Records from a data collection
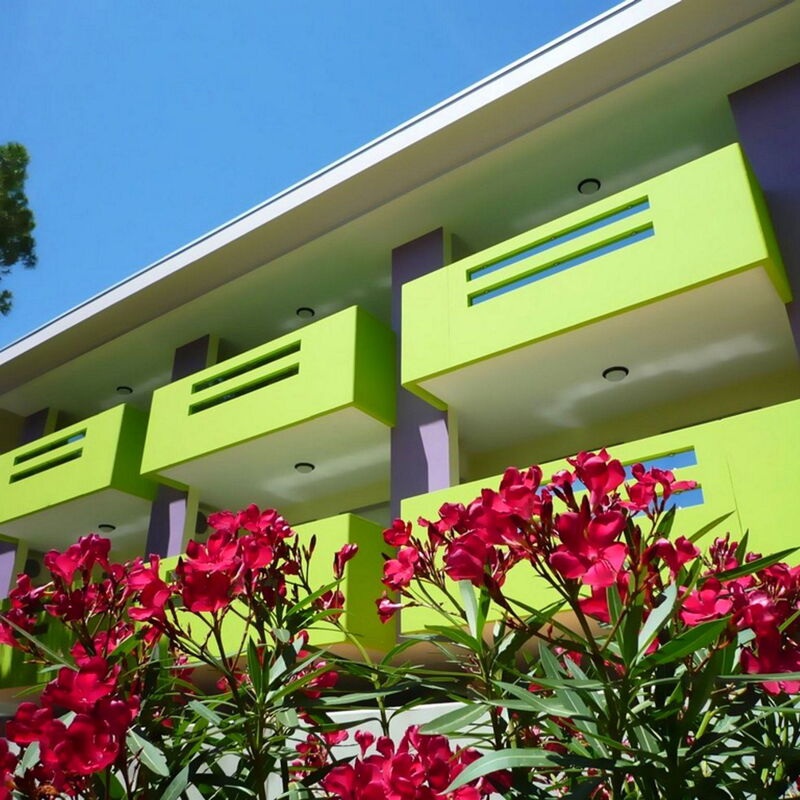 Apt. Bright Star - Bibione: Autumn, Building Exterior, Pool, Spring, Summer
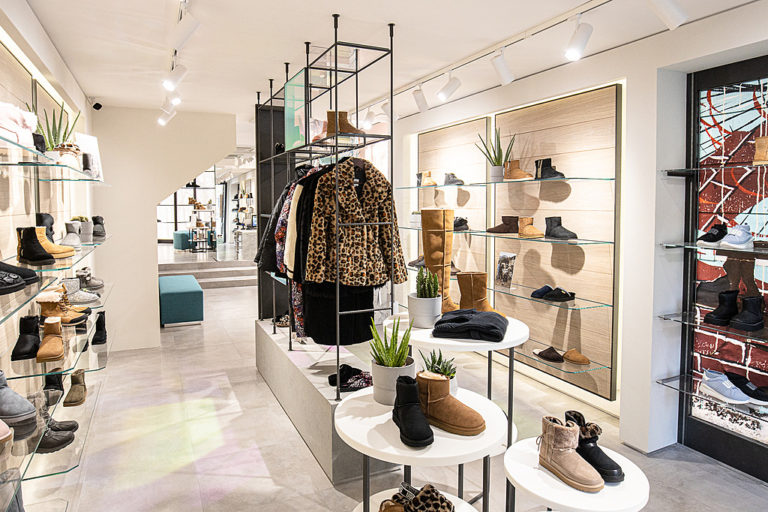 UGG opens its first flagship store in Florence - Fotoshoe Magazine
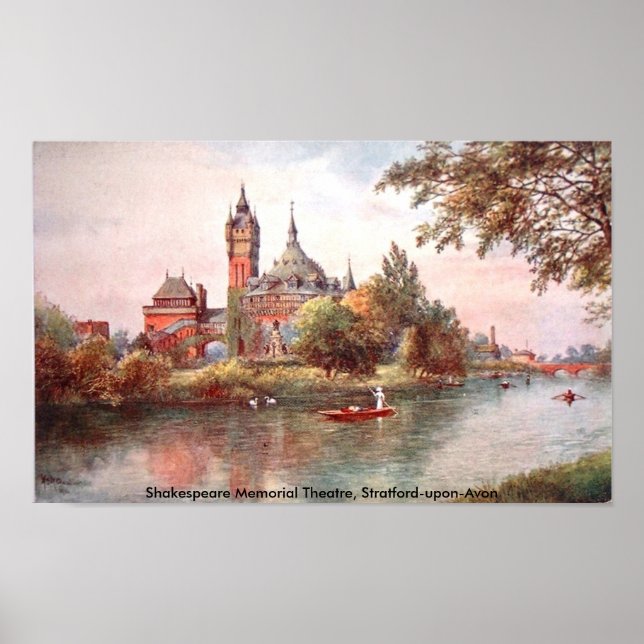 Pôster Poster, Stratford-on-Avon (Frente)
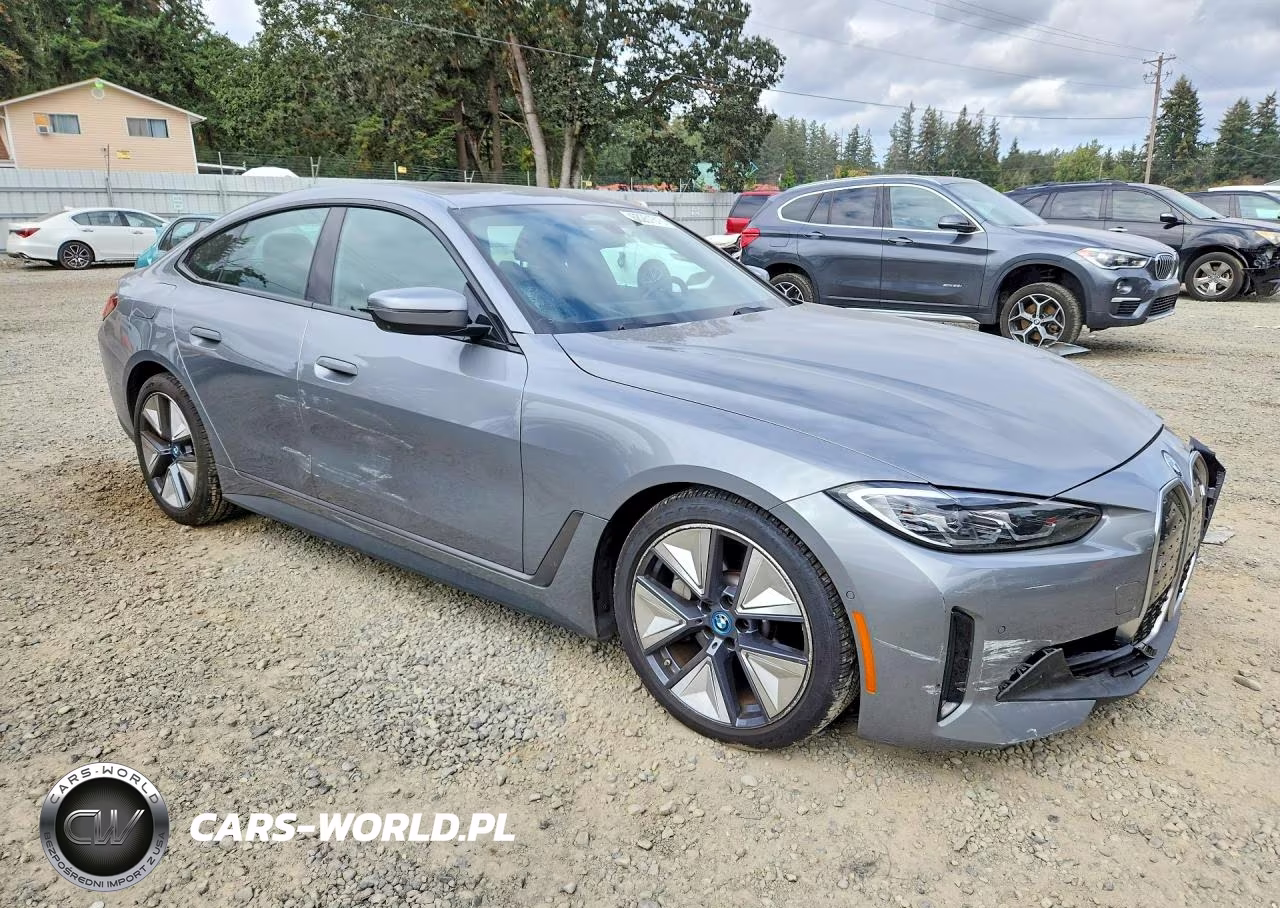 2023 BMW I4 Edrive 40 VIN:WBY73AW08PFR30303 - 4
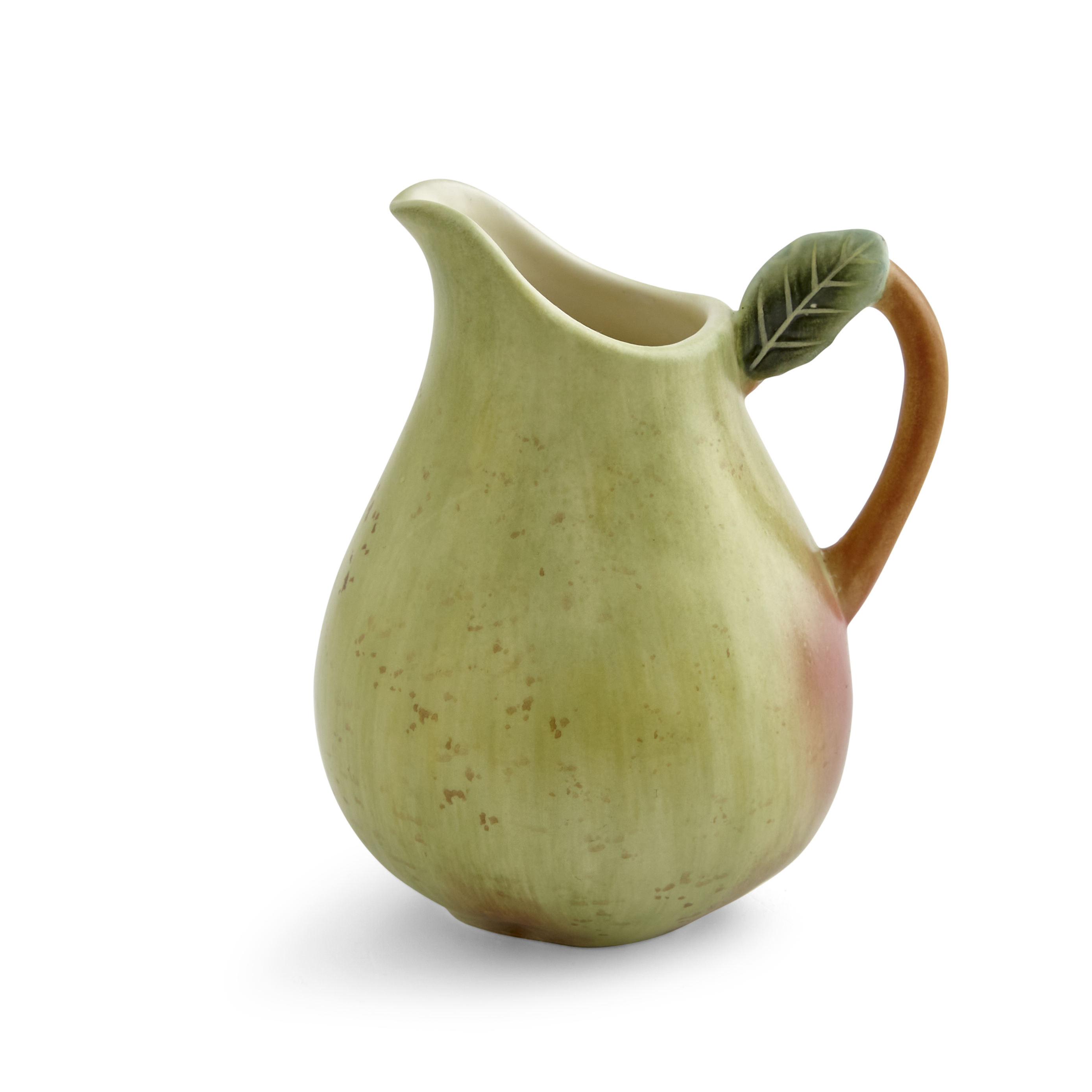 Nature's Bounty Figural Creamer, Pear image number null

What is expected:
Could you copy every record exactly, without the pictures?

Result below:
 Apt. Bright Star - Bibione: Autumn, Building Exterior, Pool, Spring, Summer
 UGG opens its first flagship store in Florence - Fotoshoe Magazine
 Pôster Poster, Stratford-on-Avon (Frente)
 2023 BMW I4 Edrive 40 VIN:WBY73AW08PFR30303 - 4
 Nature's Bounty Figural Creamer, Pear image number null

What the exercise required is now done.